Case definitions often have a temporal condition, e.g.,

two or more physician visits at least 30 days apart within two years.

if_date() (for a vector of dates) and restrict_date() (for data frames and database tables) decide whether a client’s dates can satisfy such a condition. This vignette explains how they work under the hood: why the within part is easy, why the apart part needs a search algorithm, and how that algorithm gets translated into SQL — a language with no loops — using metaprogramming and ‘dbplyr’.

library(dplyr)
library(healthdb)

Why not brute force?

The question to answer is: among a client’s dates, is there any set of n dates whose adjacent gaps are all at least apart days and whose overall span is at most within days?

The direct approach is to try every possible set of n dates:

brute_force <- function(x, n, apart = 0, within = Inf) {
  any(utils::combn(
    unique(x), n,
    function(s) all(diff(sort(s)) >= apart) & (max(s) - min(s) <= within)
  ))
}

This is correct, and it is exactly what the package’s tests compare against.

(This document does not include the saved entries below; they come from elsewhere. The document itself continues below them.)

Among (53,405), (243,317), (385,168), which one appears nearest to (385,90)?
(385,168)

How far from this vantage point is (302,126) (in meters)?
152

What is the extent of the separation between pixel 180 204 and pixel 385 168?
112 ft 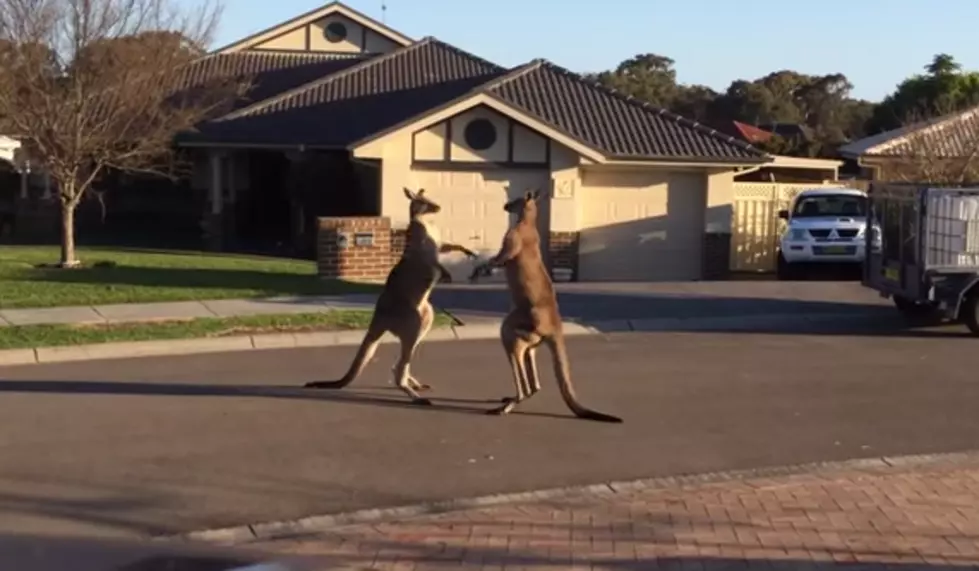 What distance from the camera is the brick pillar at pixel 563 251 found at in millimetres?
27875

But the number of sets explodes: a client with 20 dates has choose(20, 3) = 1140 sets of three, and choose(20, 5) = 15,504 sets of five. Across millions of clients this is painful in R — and impossible on a database, because SQL has no way to enumerate combinations at all. Both conditions need a smarter route.

The easy half: `within`

If the only condition is “any n dates within within days”, sorting solves it. After sorting, the n dates with the smallest span are always n consecutive dates — skipping over a date in between can never shrink a span. So instead of all combinations, we only check each run of n consecutive sorted dates: is the gap between a date and the (n − 1)-th date after it at most within?

x <- as.Date("2020-01-01") + c(0, 200, 380, 390)

# any 3 of these within one year? check consecutive triples:
# (0, 200, 380) spans 380; (200, 380, 390) spans 190 -- yes
if_date(x, n = 3, within = 365)
#> [1] TRUE

This is a rolling window over sorted dates — one pass, no combinations. On a database, the same idea is one window function: compare each date with lead(date, n - 1) (or lag(), depending on flag_at) within the client.

The hard half: `apart`

Now the condition “any n dates pairwise at least apart days apart”. Sorting alone does not help here: the qualifying dates need not be consecutive — in fact they are usually spread out, and there are combinatorially many ways to pick a spread-out set. We need a search, but one that avoids enumerating sets.

Anchor at the extremes

The key observation: if any qualifying set exists, then a qualifying set that uses the client’s earliest and latest dates also exists.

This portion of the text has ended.